This is still not quite right, because you can't define static arrays inside a struct. You can only declare them. I will address that in the section on linkage. For now, at least, we know how to define the contents – the sequence of values – and handle the presence of initializers.

Names array

With the values out of the way, we need the sequence of names. They have to be in the same order as the values. This is pretty straightforward. We need to apply the preprocessor operator # to each of the arguments in __VA_ARGS__. We can do that using the same MAP macro mentioned above:

#define STRINGIZE_SINGLE(expression) #expression,
#define STRINGIZE(...) MAP(STRINGIZE_SINGLE, __VA_ARGS__)

and

static const char *names[] = { STRINGIZE(_VA_ARGS__) };

Again, we can't literally just define an array of strings in a struct, but at least we know how to get the constant names. There is one wrinkle, however. What we actually have in the array right now is:

static const char *names[] = { "Red = 1", "Green", "Blue" };

So we will need to trim off the initializers (such as " = 1") before returning strings from the array.

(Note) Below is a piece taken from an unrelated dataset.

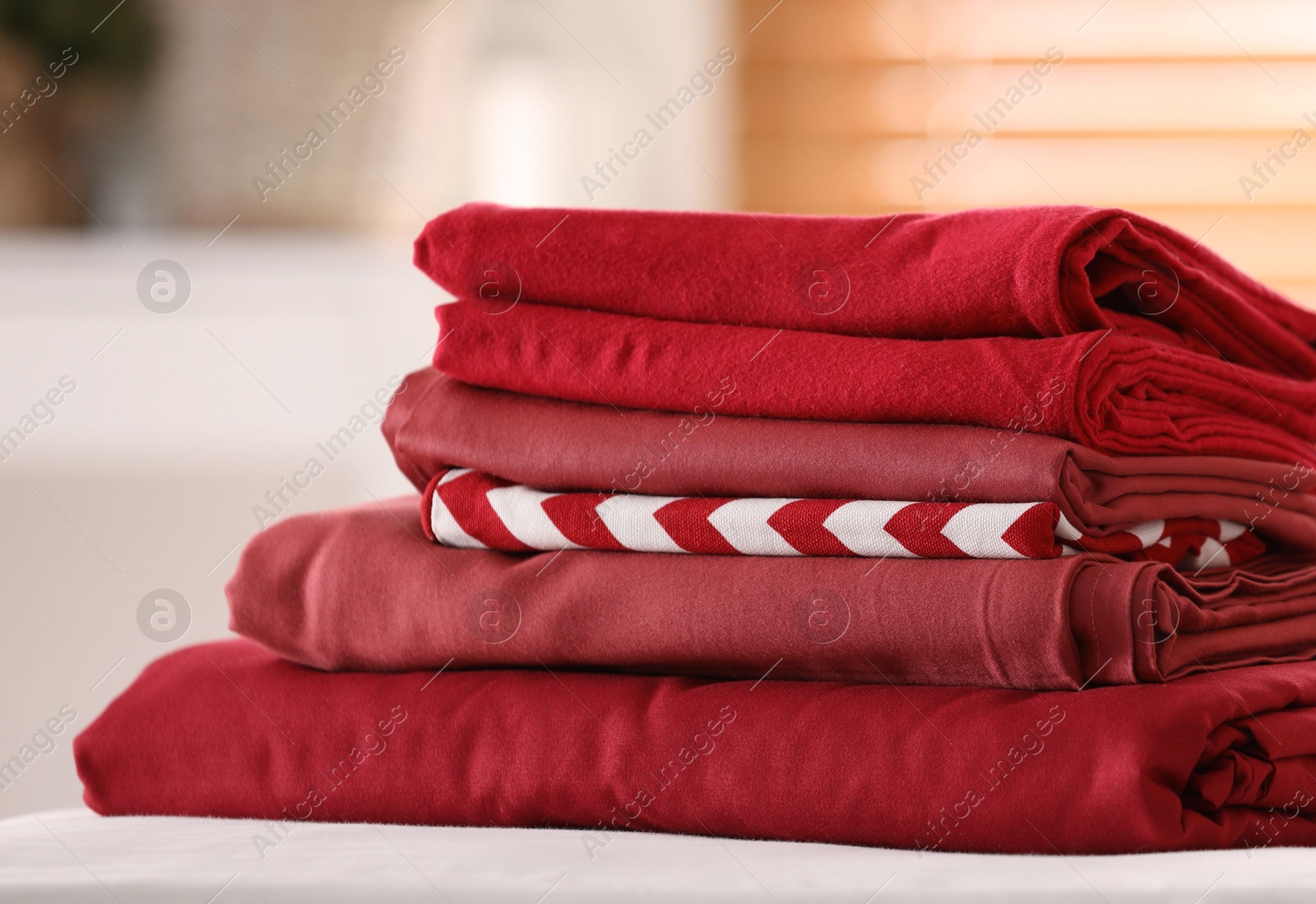 Photo of Clean color folded linens on bed indoors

Now that both the values and names are available, it is easy to write to_string. A simple implementation just walks the values array until it finds the enum we are trying to convert, then returns the name string with the same index. A lot of other translations and useful algorithms can be written as well.

Linkage

Of course, we can't define the names and values arrays inside the "body" of the struct. Declaring and defining them like this is also not an option:

struct EnumName {               \
    static const int  values[]; \
}                               \
                                \
static const int EnumName::values[] = { /* ... */ };

because then, if we then try to use the macro in two translation units, we will get duplicate symbols for values. The same will happen with names. A nice way to solve this is to wrap both arrays inside static inline member functions of each struct. For example:

static const int* values()
{
    static const int values[] =
        { IGNORE_ASSIGN(__VA_ARGS__) };
    return values;
}

And similarly with names.

Name trimming

Since we are wrapping names in a function to solve the linkage problem, it is also a good place to trim the initializers off the stringized names:

static const char* const* names()
{
    static const char* const    raw_names[] =
        {STRINGIZE(__VA_ARGS__) };

    static char*                processed_names[_count];
    static bool                 initialized = false;

    if (!initialized) {
        for (size_t index = 0; index < _count; ++index) {
            size_t length =
                std::strcspn(raw_names[index], " =\t\n\r");

            processed_names[index] = new char[length + 1];

            std::strncpy(
                processed_names[index], raw_names[index], length);
            processed_names[index][length] = '\0';
        }
    }

    return processed_names;
}

Now, names()[0] is simply "Red", as opposed to "Red = 1". The constant _count is just the number of constants in the enum. It is easily declared using COUNT, one of the macros used internally by the MAP macro. COUNT is shown in the section that presents the full code.

Conflicts

Declaring member arrays called names and values makes it impossible to have regular enum constants called names and values because they are in the same scope.

// Does not compile:

ENUM(Column, names, phone_numbers)

To avoid this, I recommend prefixing the members with underscores, i.e. _names_values, and so on.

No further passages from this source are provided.